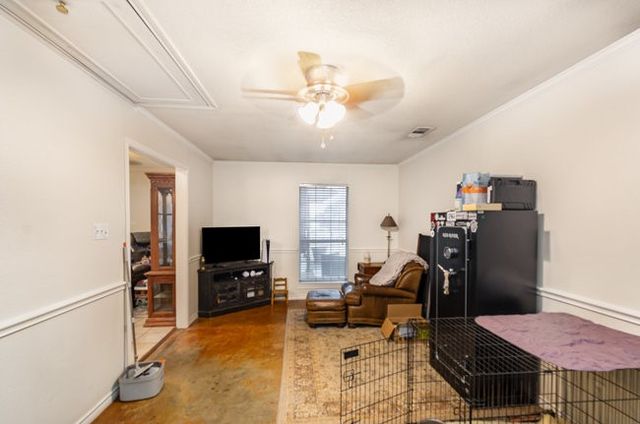 622 Brockett Street, Aubrey, TX 76227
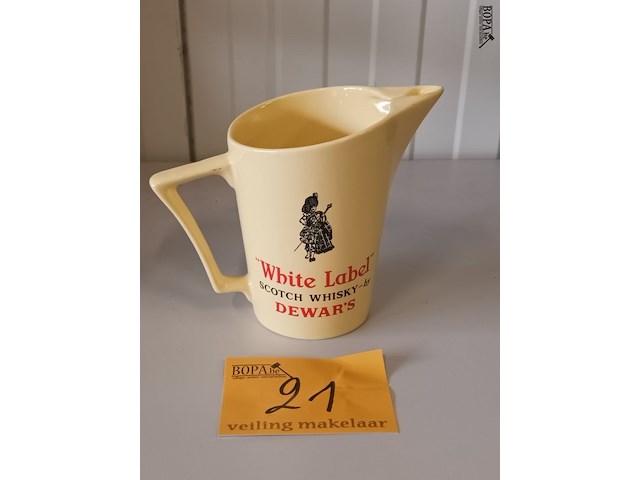 Lot 21 - schenkkan whisky - afbeelding 1 van  4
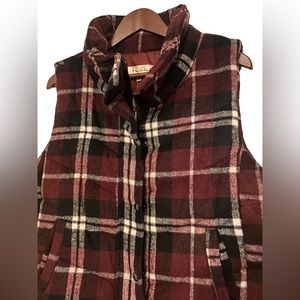 NWT VANILLA BAY Women’s Zipper/ Snap Button Plaid Puffer Vest- XL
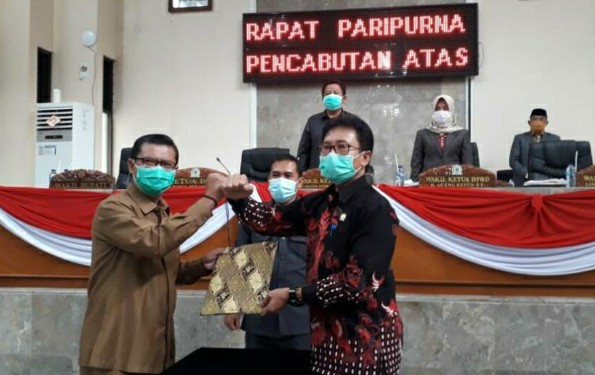 Sidang Paripurna DPRD Subang, tentang penetapan dan pencabutan perda (Foto: Deny Suhendar/dara.co.id)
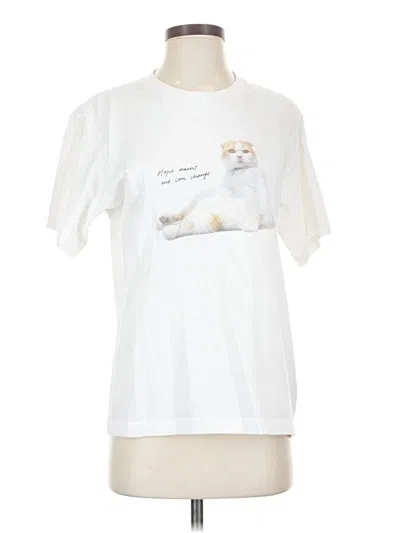 Pre-owned Uniqlo Short Sleeve T-shirt In Ivory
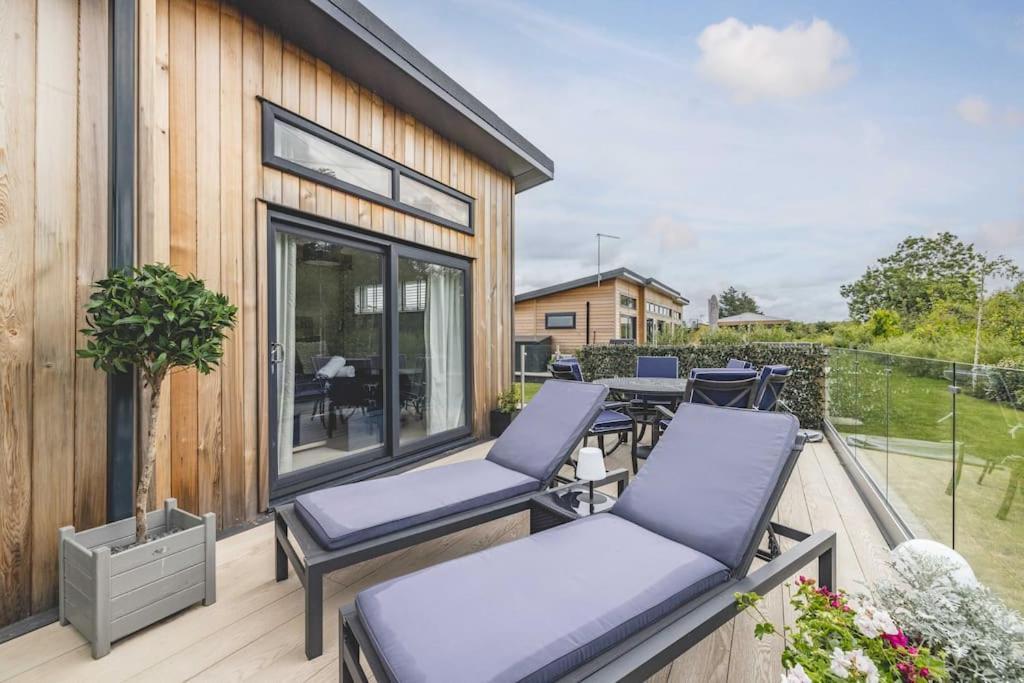 Luxury Lodge With Hot Tub In Windsor Marina Экстерьер фото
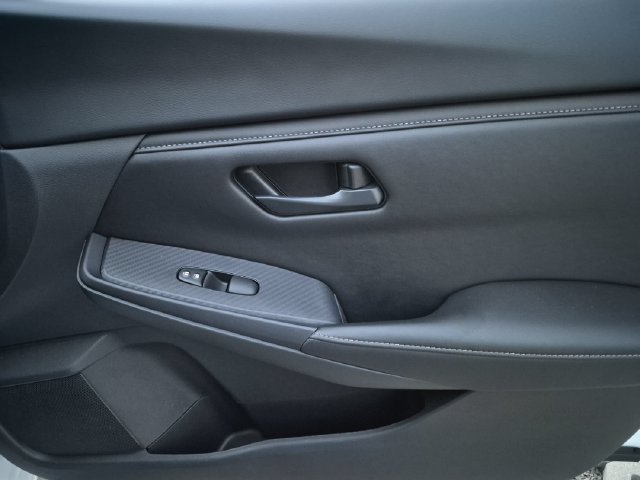 Certified 2024 Nissan Sentra S FWD image 35
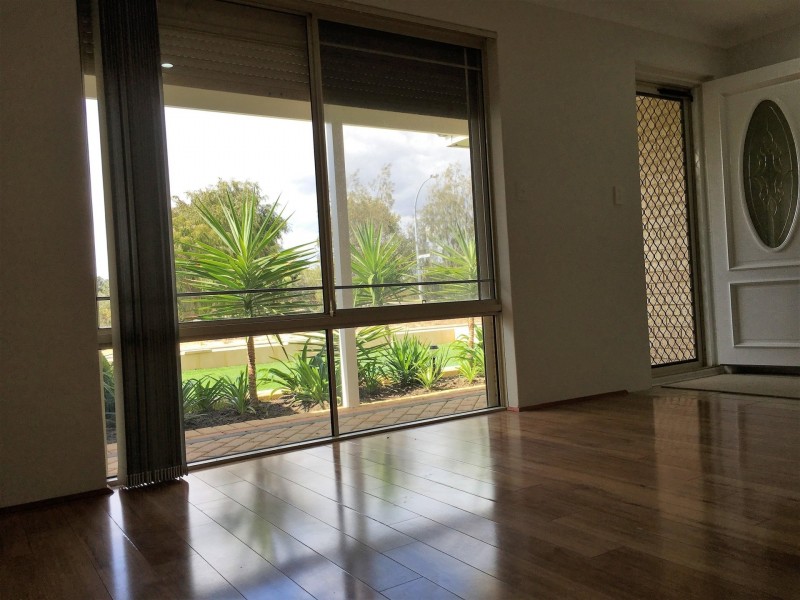 2 Auburn Close, Marangaroo WA 6064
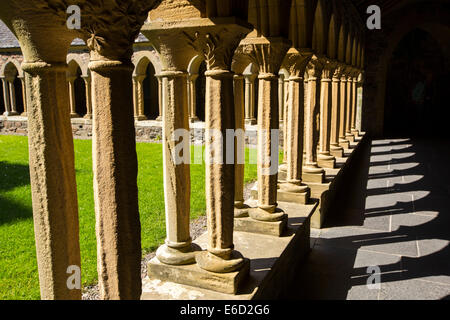 Piliers de grès à l'abbaye d'Iona Iona, off Mull, Ecosse, Royaume-Uni. Banque D'Images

*Exercise requirements*
Set down every entry above again exactly, dropping each picture.

*Response*
 622 Brockett Street, Aubrey, TX 76227
 Lot 21 - schenkkan whisky - afbeelding 1 van  4
 NWT VANILLA BAY Women’s Zipper/ Snap Button Plaid Puffer Vest- XL
 Sidang Paripurna DPRD Subang, tentang penetapan dan pencabutan perda (Foto: Deny Suhendar/dara.co.id)
 Pre-owned Uniqlo Short Sleeve T-shirt In Ivory
 Luxury Lodge With Hot Tub In Windsor Marina Экстерьер фото
 Certified 2024 Nissan Sentra S FWD image 35
 2 Auburn Close, Marangaroo WA 6064
 Piliers de grès à l'abbaye d'Iona Iona, off Mull, Ecosse, Royaume-Uni. Banque D'Images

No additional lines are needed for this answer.